Having McBride play the meek, unfunny shit-kicker we see in this movie is a waste. It’s sort of like resurrecting Bruce Lee and then asking him to do Proust readings instead of being a screaming, perfect killing machine with crazy eyes.
The good bits in this movie, when you come across them, do verge on great. The camera work is tight, focused, and bobs along with the same sense of impersonal purpose as any business executive on his way to a connecting flight. The colors of the airports, cities, and hotels are muted and entirely interchangeable, just like the experience of extended traveling itself. It’s all clear plastic cups, logos on napkins, and the Hilton sign shining dully out over a city that might as well have no name.

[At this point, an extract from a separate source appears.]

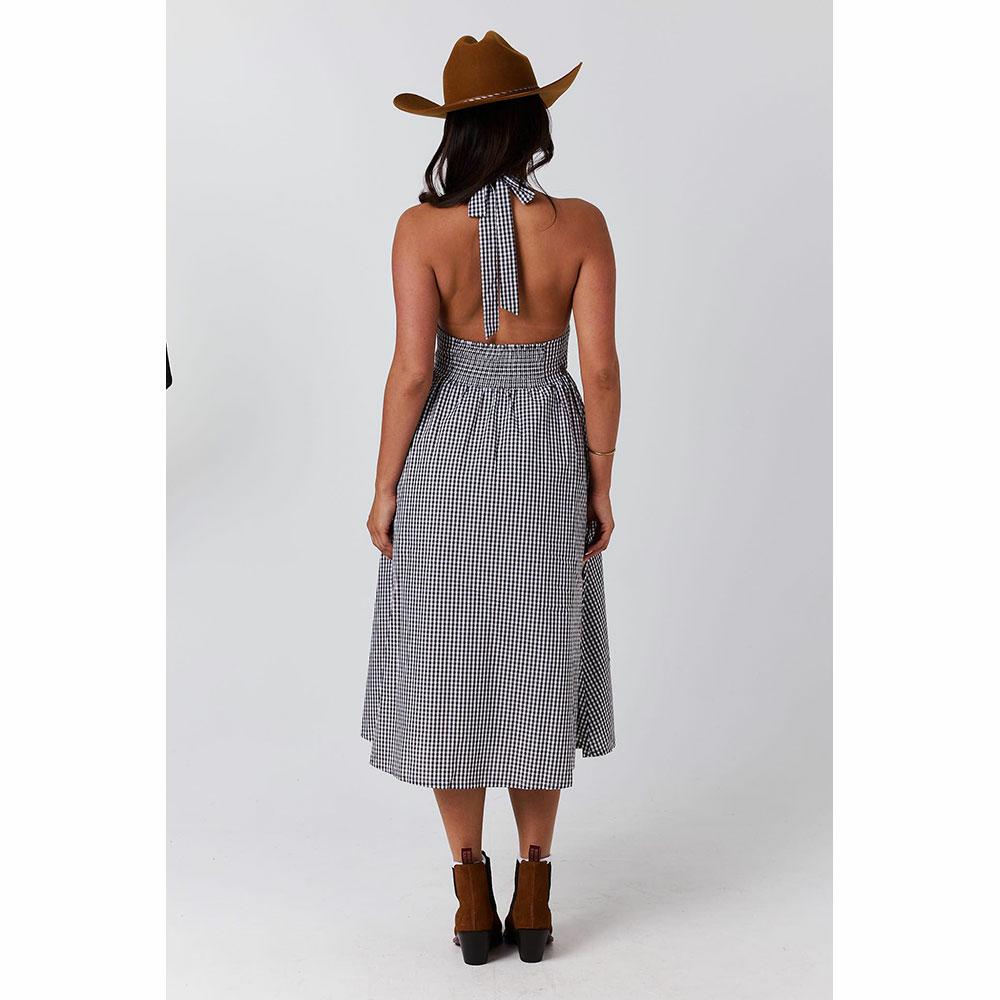 Ringers Western Charmayne Gingham Halter Neck Midi Dress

But the best part of this movie, and the part I had heard the least about before watching, was Vera Farmiga. I liked her in “The Departed” because she knew how to come across as both competent and broken, all at once. She brings a lot of that same subtlety to this role, managing to be funny and appealing, but still a little off-kilter. She also acts like a woman who’s sexually confident; it was a nice change from the standard Hollywood Cliff Notes version of that, in which writers just try to make girls sound like unlikeable guys.
We find out, eventually, that Farmiga’s character is married, with a family. Her entire relationship with Clooney was a sort of weird escapist sham that she never actually apologizes for. It isn’t nice, or sweet, or in any way conducive to a happy ending.
The characters all go their separate ways, not even sure if they’re happy or unhappy with how things have worked out. In fact they aren’t even fully aware that they may have been on some sort of journey . Clooney’s character seems a little lost, bewildered, and vaguely aware that he’s better off now even if he was happier before. In a word, this movie ends hard. And it was fantastic, especially for a jaded writer that was dreading everything working out for a bunch of ham-fisted caricatures.
Overall, this movie fell short of what it could have been: a genuinely weird look at a character that chooses to be emotionally stunted. Instead, it was a film about the questionable emotional journey of some guy who may or may not be a complete jerk, with as many charm thrown in as possible. It made up a lot of ground in the last third, though, and was ended pretty courageously. I felt It was a movie with attitude, but one that wanted desperately to impress.
Unfortunately, genuine cool – and real artistic freedom – stem from the ability to truly, completely not give a sh*t about anyone’s opinion but your own.
 Sentences like this tend to get at multiple reasons as to why my success with the ladies is “suboptimal.”
 It’s an outlandish theory, but no other explanation fits.
 This probably doesn’t apply fully to Clooney’s character.